Prompt.
The expected output is exactly the lines below, starting at the line with "Topshop cotton shirt" and ending at the line with "Reproductor Multimedia para", both included; no other line belongs in it.

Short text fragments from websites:
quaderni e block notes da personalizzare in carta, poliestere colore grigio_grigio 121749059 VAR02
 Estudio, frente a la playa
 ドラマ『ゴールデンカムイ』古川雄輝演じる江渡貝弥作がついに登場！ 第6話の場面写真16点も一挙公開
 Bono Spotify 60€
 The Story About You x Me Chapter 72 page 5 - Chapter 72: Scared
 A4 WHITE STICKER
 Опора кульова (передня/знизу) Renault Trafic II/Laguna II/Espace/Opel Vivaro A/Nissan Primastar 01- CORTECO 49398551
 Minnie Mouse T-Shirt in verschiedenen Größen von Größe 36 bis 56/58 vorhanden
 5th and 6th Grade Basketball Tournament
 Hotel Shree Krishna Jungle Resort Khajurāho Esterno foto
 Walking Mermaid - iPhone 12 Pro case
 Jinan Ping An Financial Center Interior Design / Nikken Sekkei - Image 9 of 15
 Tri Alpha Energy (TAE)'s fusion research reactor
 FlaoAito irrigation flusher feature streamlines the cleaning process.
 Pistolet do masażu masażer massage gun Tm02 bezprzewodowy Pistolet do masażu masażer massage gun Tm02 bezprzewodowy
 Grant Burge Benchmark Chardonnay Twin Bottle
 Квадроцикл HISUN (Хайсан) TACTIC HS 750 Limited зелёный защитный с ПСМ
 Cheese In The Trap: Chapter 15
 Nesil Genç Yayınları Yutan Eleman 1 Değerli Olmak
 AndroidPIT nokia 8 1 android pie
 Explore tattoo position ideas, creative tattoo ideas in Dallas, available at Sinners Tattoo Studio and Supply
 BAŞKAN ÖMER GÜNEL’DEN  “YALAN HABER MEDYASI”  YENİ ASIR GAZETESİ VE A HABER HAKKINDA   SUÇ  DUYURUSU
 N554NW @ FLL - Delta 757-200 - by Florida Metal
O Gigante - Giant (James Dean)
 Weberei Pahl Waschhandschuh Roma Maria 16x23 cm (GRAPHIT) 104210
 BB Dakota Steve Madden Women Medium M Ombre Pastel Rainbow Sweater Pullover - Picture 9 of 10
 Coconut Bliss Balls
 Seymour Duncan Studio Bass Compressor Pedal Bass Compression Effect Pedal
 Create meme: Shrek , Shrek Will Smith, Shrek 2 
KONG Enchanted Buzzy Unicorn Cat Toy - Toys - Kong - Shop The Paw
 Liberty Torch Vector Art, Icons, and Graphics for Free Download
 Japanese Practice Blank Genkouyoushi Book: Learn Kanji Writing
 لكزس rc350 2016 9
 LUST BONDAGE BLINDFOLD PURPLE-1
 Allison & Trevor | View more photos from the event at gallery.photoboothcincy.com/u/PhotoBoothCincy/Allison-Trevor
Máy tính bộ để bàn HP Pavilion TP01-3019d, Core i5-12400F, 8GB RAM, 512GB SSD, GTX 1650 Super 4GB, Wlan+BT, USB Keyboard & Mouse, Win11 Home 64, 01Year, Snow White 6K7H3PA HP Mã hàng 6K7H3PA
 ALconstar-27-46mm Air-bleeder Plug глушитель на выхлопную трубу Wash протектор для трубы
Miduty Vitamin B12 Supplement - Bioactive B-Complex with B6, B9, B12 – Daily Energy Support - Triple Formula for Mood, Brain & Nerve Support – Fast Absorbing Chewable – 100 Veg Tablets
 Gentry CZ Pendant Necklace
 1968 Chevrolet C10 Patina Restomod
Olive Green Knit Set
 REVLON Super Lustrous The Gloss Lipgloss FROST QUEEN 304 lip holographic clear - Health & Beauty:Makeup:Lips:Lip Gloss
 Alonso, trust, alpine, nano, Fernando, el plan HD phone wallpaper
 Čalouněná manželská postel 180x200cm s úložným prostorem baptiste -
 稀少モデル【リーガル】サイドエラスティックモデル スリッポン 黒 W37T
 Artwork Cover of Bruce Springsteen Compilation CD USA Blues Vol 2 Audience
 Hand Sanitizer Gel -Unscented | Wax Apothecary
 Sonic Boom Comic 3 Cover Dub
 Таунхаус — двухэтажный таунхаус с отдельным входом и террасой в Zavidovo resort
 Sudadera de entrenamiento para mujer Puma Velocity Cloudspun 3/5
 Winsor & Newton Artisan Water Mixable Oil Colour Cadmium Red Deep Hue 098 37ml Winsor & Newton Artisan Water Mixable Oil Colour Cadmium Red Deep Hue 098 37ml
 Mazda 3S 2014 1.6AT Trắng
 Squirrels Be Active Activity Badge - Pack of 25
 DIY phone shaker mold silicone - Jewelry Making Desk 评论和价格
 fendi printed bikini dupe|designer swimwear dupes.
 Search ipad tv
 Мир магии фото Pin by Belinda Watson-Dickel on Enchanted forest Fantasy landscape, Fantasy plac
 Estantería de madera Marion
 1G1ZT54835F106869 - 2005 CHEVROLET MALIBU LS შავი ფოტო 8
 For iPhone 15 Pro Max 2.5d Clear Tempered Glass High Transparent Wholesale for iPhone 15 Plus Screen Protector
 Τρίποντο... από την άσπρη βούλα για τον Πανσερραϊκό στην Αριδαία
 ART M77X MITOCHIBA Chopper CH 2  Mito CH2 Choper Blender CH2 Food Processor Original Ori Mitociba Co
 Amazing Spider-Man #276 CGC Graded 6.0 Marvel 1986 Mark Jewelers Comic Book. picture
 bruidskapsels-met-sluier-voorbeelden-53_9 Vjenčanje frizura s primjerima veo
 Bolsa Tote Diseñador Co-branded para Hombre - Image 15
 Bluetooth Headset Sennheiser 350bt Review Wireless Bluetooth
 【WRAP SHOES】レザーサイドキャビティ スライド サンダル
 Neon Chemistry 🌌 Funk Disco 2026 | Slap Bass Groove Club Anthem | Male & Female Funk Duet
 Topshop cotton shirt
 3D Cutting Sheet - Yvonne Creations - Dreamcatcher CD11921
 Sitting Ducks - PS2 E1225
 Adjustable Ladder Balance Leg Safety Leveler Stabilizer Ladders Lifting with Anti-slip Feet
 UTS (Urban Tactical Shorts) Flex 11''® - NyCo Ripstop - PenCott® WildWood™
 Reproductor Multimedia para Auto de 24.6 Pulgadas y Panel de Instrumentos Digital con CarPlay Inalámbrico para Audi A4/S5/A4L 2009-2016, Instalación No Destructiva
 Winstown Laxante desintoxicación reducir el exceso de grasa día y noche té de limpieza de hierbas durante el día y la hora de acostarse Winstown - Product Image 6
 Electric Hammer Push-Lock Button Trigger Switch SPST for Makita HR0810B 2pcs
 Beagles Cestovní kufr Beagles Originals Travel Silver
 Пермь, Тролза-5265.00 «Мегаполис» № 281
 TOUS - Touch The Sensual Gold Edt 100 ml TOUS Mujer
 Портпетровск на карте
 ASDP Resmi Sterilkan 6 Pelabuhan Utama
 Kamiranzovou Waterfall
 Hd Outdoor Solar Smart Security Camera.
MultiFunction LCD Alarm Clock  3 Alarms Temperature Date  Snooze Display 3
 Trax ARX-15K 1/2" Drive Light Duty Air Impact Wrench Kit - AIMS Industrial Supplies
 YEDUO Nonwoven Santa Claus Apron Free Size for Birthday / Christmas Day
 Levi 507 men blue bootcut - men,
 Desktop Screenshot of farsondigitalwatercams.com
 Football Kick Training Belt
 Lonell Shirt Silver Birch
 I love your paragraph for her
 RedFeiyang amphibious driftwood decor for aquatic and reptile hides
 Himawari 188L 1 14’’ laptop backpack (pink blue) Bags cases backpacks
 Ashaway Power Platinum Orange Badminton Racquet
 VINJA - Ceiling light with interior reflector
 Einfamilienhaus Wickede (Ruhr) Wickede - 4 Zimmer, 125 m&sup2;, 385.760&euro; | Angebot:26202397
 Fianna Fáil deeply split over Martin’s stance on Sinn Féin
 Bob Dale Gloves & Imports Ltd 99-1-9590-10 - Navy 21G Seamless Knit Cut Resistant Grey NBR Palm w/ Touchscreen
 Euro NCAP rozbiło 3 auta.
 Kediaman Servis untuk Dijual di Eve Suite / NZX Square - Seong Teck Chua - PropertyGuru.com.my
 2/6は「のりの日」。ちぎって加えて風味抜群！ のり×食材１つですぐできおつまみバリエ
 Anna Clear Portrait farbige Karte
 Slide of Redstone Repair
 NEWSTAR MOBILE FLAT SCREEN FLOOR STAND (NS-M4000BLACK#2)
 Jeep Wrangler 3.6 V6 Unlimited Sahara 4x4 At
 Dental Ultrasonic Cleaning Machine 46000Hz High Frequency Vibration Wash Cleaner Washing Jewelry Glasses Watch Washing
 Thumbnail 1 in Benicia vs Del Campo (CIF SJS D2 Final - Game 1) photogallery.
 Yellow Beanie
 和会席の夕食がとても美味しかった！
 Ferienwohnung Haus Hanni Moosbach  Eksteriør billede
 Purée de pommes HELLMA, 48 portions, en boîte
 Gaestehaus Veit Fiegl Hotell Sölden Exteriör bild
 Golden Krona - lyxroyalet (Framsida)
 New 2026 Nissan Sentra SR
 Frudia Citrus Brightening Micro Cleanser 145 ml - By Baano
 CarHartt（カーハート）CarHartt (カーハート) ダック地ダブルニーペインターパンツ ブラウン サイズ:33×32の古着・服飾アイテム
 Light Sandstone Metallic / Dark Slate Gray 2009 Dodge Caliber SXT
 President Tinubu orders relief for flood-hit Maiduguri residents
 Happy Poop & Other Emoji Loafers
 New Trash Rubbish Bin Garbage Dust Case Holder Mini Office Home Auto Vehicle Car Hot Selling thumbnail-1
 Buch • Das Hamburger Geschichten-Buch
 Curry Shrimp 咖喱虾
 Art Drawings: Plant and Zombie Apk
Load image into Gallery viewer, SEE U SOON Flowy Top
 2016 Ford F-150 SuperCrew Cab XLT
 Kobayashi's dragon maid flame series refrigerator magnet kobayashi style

Solution to this task.
 Topshop cotton shirt
 3D Cutting Sheet - Yvonne Creations - Dreamcatcher CD11921
 Sitting Ducks - PS2 E1225
 Adjustable Ladder Balance Leg Safety Leveler Stabilizer Ladders Lifting with Anti-slip Feet
 UTS (Urban Tactical Shorts) Flex 11''® - NyCo Ripstop - PenCott® WildWood™
 Reproductor Multimedia para Auto de 24.6 Pulgadas y Panel de Instrumentos Digital con CarPlay Inalámbrico para Audi A4/S5/A4L 2009-2016, Instalación No Destructiva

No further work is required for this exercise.